FactChecking Aamir Khan’s Dangal: Watch It For Drama And Not Facts



Dangal, Aamir Khan

Dangal

 

If a Bollywood film is made in the future about Kapil Dev, do not be surprised if his 175 not out in the 1983 World Cup is shown as being made in the final against West Indies (instead of being against Zimbabwe in a relatively inconsequential group game, like what really happened). Would you accept that in the name of dramatisation or would it make you apoplectic?

 

This was my biggest problem with Bhaag Milkha Bhaag, which was filled with factual falsehoods around sporting encounters, including the famous one spread by Milkha Singh himself that looking back during the race cost him an Olympic medal. It is even more saddening therefore that Dangal, a far superior film to that one, has to resort to similar falsehoods, as if the true story is not good enough.

 

The argument that a “1-0, 7-0” triumph to win Gold at the Commonwealth Games is not quite as dramatic as a “5-1, 4-6, 6-5” win (a blatant lie in the film) and therefore required – is a lazy one.

 

 

As indeed is the need to establish that Geeta Phogat had not won any international medal before the one shown in the film (a lie, as she won Gold at the Commonwealth wrestling Championships, less than a year before this one).

 

Moreover, the Bollywood touch of having a crooked and insecure coach as an adversary and the vilification of the NSA in this context, is fundamentally objectionable as no such coach existed in Phogat’s real-life story. Nor did Mahavir Phogat ever shout instructions from the stand, hell, there was apparently never even any disagreement with Geeta’s real-life coach (who is understandably very upset about the portrayal, as per several media reports).

 

And that last bit of locking Mahavir Phogat up in a storeroom to prevent him from being in the stands is in extreme bad taste. One, Phogat did watch his daughter win that Gold from the stands. Two, that vilification of an implied character and an institution is beyond the realm of belief (given what the repercussions of such an act would have been in real life) – and it really is a writer’s cheap trick; its point was entirely predictable.

 

It is just very disappointing to see Aamir Khan not being able to transcend this Bollywood fakery, given the many, many things which are impressive about the film, especially in the mainstream format.
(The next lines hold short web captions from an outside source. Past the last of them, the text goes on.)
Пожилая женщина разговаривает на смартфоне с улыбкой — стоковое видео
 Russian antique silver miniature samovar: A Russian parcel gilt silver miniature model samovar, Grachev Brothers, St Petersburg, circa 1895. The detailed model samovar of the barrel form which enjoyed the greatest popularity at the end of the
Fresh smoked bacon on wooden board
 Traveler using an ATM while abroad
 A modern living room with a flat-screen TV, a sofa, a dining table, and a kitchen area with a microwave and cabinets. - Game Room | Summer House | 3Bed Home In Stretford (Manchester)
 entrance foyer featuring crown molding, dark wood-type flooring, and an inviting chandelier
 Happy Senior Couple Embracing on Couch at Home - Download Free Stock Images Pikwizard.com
It is as if mainstream India doesn’t care for the facts – not in films, or politics (as evidenced in 2014), or indeed, life.

 

The LOL irony here is this – several bio-pics have stalled in Bollywood in the past (for example, those on Kishore Kumar and Guru Dutt) because of objections from certain quarters about the real truth being told as it shows some in a less-than-glorious light. But here, despite having genuinely inspiring stories to tell, the high points are dressed up and exaggerated with ludicrous and utterly unnecessary lies. It is embarrassing to see this lack of imagination being justified in the name of “adding drama”.

 

Please do not bring up Hollywood (and films like “Argo” and “Sully”) – despite the license they take in the name of storytelling, they do not ever resort to this kind of fakery (a lot of the time they can’t, because of legal reasons).

 

This second-guessing glorification shames Bollywood.